> Data to examine
○ ○ ○ ○

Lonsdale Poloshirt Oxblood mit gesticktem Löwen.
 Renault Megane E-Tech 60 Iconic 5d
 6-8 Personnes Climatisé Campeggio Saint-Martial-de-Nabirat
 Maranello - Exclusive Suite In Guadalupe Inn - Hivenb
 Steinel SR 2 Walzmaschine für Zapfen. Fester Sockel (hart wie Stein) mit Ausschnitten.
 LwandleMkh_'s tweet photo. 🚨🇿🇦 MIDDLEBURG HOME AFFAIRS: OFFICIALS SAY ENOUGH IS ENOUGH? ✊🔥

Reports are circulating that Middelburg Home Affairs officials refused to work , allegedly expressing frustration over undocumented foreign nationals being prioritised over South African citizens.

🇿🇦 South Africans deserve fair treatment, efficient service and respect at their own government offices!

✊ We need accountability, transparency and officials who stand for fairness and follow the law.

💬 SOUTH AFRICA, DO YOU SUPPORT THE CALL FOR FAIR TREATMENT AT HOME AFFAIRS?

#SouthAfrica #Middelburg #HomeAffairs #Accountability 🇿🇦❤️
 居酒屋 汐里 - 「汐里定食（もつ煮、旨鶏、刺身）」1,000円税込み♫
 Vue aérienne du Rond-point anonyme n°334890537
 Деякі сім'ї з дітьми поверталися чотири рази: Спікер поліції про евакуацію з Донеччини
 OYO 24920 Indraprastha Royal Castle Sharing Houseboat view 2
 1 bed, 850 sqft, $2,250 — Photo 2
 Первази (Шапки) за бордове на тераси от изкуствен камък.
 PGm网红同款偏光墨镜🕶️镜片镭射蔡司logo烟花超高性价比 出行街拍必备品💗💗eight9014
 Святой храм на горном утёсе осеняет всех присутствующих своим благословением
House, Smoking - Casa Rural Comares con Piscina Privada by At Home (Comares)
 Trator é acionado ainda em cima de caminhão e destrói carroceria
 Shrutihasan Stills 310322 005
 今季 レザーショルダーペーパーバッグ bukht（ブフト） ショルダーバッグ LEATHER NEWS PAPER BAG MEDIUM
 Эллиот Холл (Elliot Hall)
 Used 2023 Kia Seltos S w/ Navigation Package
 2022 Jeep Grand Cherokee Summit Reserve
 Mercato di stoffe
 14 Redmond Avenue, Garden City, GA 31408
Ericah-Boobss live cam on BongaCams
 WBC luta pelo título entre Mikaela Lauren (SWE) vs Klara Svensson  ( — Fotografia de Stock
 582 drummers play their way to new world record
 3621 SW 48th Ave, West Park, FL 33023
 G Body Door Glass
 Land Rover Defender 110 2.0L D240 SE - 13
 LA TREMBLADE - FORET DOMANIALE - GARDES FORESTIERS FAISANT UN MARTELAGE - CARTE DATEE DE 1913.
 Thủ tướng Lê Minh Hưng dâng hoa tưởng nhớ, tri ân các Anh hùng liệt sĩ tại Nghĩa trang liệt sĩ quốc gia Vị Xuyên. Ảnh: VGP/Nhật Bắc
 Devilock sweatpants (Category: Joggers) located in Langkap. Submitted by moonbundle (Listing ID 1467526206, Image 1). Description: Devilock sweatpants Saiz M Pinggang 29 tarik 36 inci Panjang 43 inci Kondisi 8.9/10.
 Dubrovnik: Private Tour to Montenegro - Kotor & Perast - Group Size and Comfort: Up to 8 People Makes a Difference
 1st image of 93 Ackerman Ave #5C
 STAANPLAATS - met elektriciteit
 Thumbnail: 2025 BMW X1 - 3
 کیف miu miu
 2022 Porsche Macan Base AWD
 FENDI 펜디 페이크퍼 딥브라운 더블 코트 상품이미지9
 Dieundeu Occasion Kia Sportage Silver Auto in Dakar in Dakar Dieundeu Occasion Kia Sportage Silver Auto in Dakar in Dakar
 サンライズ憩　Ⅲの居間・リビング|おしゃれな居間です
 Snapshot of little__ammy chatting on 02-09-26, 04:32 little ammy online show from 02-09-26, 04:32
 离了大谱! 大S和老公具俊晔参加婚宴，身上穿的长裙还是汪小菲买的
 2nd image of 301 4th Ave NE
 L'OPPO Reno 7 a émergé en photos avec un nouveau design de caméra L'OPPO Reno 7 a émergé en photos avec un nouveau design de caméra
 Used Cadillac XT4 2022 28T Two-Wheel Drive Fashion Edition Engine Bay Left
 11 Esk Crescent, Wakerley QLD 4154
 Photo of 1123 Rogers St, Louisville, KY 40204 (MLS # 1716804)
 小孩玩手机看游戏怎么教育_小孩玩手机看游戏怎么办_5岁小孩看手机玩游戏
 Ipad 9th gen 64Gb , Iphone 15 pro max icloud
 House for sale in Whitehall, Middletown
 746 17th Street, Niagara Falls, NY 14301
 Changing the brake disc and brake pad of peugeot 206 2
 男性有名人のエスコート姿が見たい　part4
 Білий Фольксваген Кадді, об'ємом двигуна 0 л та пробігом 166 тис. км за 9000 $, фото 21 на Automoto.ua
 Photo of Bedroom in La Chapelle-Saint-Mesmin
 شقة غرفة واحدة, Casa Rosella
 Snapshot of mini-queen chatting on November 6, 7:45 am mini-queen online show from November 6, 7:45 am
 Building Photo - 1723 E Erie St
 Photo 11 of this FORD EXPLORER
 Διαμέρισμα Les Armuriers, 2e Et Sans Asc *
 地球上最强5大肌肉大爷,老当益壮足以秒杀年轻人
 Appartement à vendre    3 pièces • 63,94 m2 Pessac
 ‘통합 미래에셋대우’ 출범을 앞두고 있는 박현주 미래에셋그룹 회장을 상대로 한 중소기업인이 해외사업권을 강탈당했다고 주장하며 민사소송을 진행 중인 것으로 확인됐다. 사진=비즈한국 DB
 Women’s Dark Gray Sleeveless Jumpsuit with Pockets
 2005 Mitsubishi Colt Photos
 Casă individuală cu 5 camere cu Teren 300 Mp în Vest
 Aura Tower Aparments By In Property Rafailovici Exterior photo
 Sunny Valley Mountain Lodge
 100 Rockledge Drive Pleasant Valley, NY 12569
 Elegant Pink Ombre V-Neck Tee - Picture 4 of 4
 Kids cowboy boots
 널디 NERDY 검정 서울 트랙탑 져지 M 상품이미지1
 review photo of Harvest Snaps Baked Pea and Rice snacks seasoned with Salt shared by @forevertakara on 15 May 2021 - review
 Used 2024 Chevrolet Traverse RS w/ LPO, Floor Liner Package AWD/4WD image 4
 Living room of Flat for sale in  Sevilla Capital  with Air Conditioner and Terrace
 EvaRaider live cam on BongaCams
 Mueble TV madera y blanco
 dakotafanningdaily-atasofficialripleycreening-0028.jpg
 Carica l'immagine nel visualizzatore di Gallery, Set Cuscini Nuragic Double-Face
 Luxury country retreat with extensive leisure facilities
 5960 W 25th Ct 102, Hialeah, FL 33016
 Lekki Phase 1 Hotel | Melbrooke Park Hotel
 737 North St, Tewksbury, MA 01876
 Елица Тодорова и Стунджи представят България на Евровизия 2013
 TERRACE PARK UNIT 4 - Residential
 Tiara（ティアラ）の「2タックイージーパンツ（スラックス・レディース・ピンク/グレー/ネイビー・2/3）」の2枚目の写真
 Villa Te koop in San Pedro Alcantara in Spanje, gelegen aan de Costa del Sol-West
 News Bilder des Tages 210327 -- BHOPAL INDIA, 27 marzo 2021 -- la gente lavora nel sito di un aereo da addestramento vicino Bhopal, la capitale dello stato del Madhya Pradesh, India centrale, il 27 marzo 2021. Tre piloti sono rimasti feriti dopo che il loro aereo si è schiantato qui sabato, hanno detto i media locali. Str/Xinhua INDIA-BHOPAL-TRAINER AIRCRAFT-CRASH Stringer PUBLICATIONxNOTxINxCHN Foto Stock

○ ○ ○ ○

> Exercise instructions
Each line from the top of the records above through the line containing "LwandleMkh_'s tweet photo." needs to be transcribed exactly, and no line after it.

> Exercise solution
Lonsdale Poloshirt Oxblood mit gesticktem Löwen.
 Renault Megane E-Tech 60 Iconic 5d
 6-8 Personnes Climatisé Campeggio Saint-Martial-de-Nabirat
 Maranello - Exclusive Suite In Guadalupe Inn - Hivenb
 Steinel SR 2 Walzmaschine für Zapfen. Fester Sockel (hart wie Stein) mit Ausschnitten.
 LwandleMkh_'s tweet photo. 🚨🇿🇦 MIDDLEBURG HOME AFFAIRS: OFFICIALS SAY ENOUGH IS ENOUGH? ✊🔥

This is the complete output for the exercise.